EXTRACTED MATERIAL >>
>>>
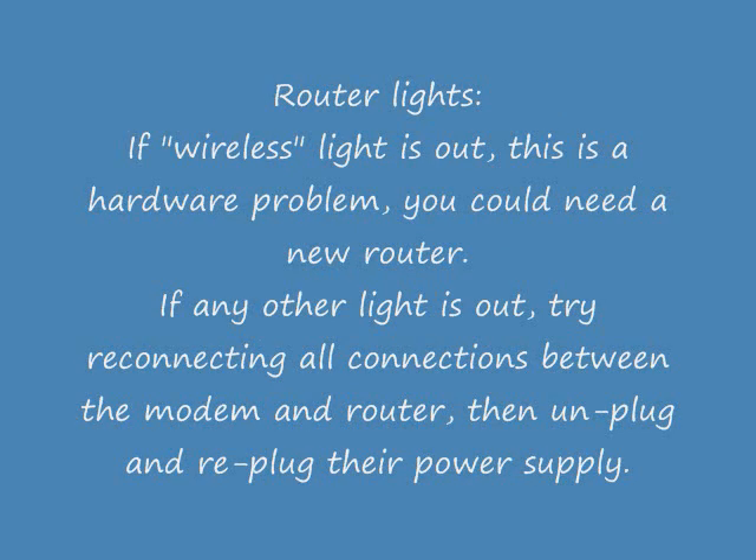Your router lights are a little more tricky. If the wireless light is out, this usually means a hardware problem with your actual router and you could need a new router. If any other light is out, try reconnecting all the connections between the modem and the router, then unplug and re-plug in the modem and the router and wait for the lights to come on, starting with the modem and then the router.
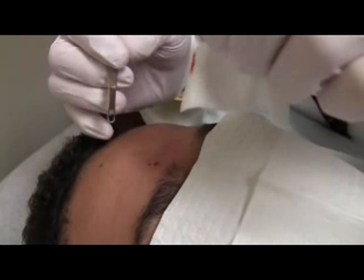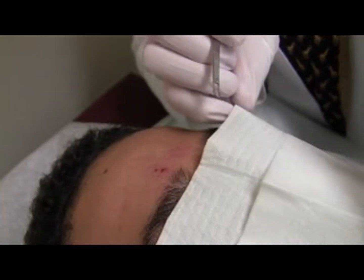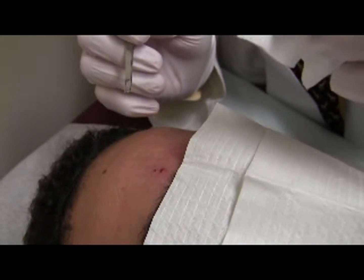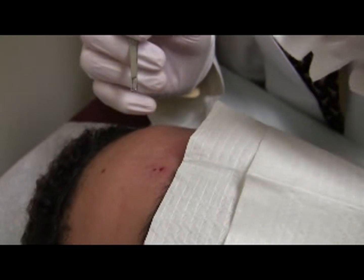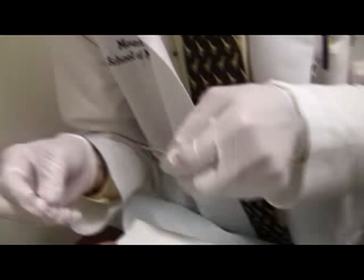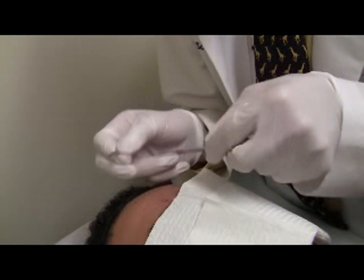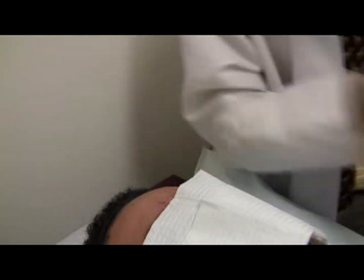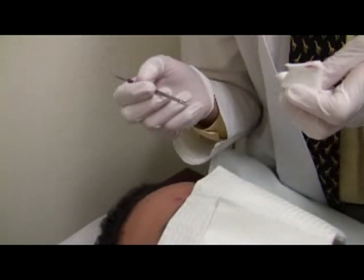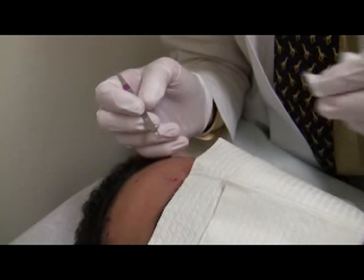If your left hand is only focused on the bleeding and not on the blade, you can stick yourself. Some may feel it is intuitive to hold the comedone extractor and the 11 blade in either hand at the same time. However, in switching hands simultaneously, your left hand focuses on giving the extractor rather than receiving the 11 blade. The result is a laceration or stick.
<<<
>>>
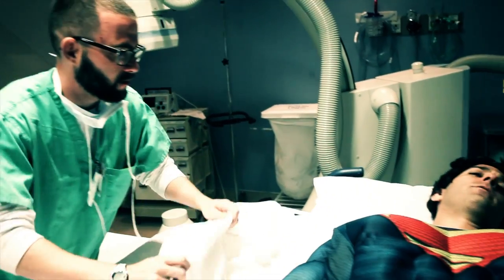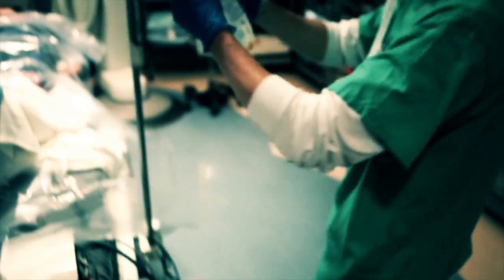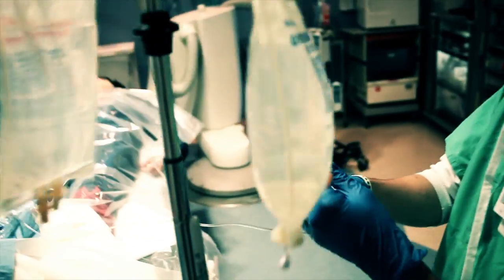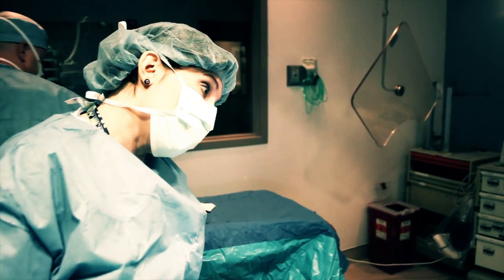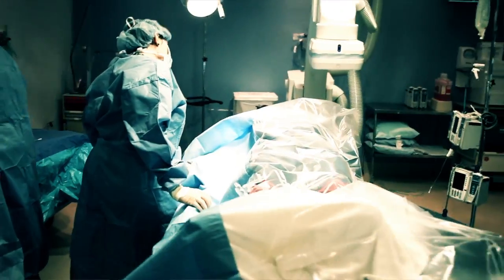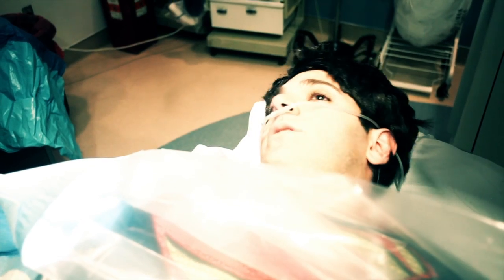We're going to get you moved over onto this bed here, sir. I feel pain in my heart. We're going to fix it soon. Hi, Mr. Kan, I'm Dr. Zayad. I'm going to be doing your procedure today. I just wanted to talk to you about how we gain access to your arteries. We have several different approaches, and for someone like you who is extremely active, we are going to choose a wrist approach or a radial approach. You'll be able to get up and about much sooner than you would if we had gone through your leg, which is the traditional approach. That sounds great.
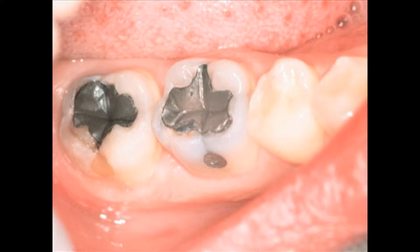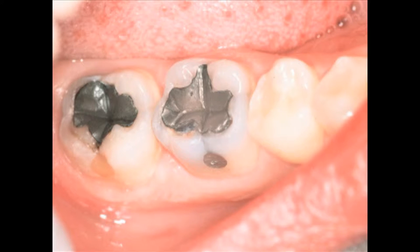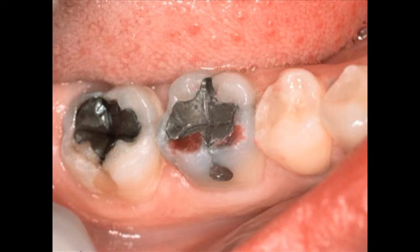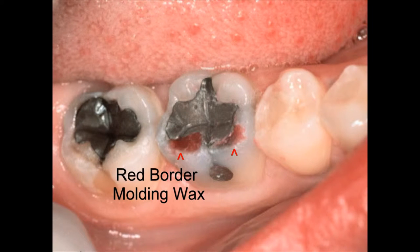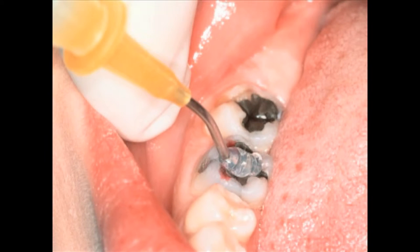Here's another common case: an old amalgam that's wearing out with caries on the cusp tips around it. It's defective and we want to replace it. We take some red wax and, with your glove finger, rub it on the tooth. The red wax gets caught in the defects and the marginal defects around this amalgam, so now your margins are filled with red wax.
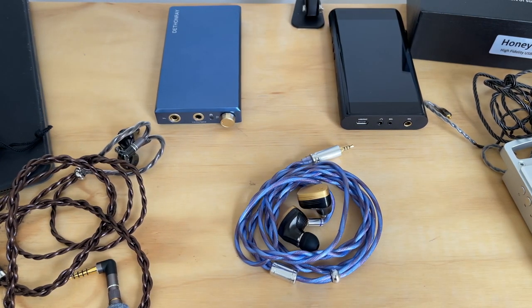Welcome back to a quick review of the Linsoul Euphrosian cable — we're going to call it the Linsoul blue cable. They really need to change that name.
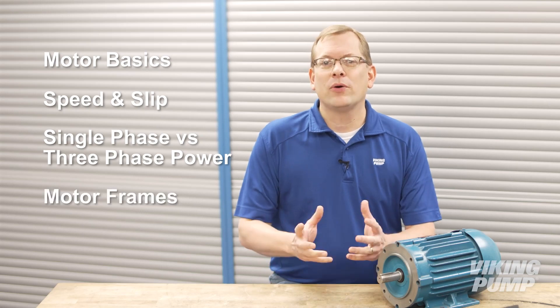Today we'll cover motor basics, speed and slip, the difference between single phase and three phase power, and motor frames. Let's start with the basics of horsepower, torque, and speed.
<<<
WORK TASK >> In the listing above, find the line with "Your router lights" and the line with "If your left". Transcribe those two and everything between, exactly, leaving out pictures.

EXERCISE RESPONSE >>
Your router lights are a little more tricky. If the wireless light is out, this usually means a hardware problem with your actual router and you could need a new router. If any other light is out, try reconnecting all the connections between the modem and the router, then unplug and re-plug in the modem and the router and wait for the lights to come on, starting with the modem and then the router.
If your left hand is only focused on the bleeding and not on the blade, you can stick yourself. Some may feel it is intuitive to hold the comedone extractor and the 11 blade in either hand at the same time. However, in switching hands simultaneously, your left hand focuses on giving the extractor rather than receiving the 11 blade. The result is a laceration or stick.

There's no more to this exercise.